*What is required*. In your copy, leave out the pictures and repeat the entries below exactly.
== Data for this exercise ==
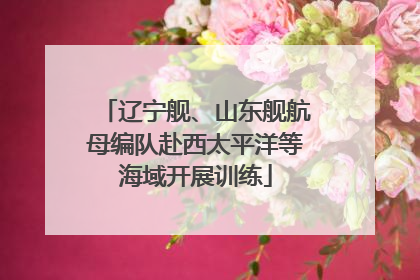 辽宁舰、山东舰航母编队赴西太平洋等海域开展训练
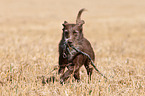 spielender Labrador-Retriever-Deutsch-Drahthaar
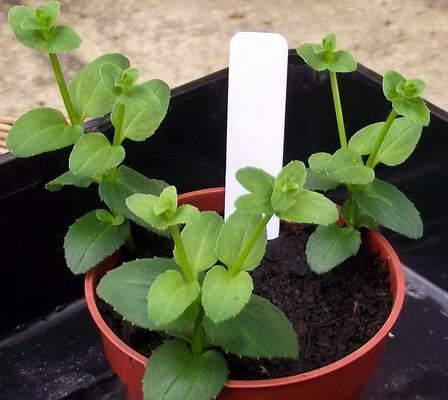 Diascia: growing from seeds, photo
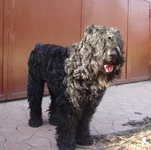  май 2010 451.webp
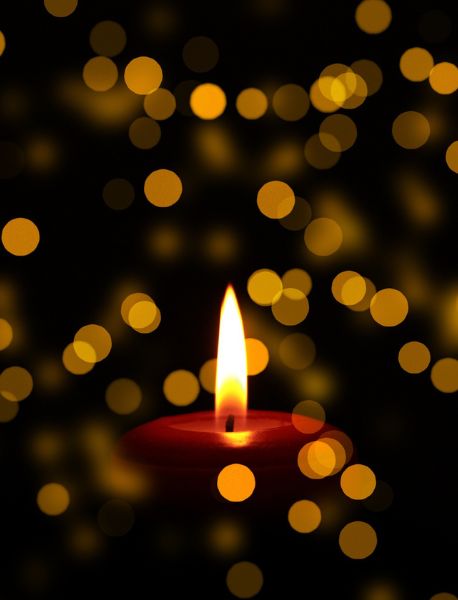 Untitled design - 2024-08-16T123903.963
===
*Solution to this problem*.
 辽宁舰、山东舰航母编队赴西太平洋等海域开展训练
 spielender Labrador-Retriever-Deutsch-Drahthaar
 Diascia: growing from seeds, photo
  май 2010 451.webp
 Untitled design - 2024-08-16T123903.963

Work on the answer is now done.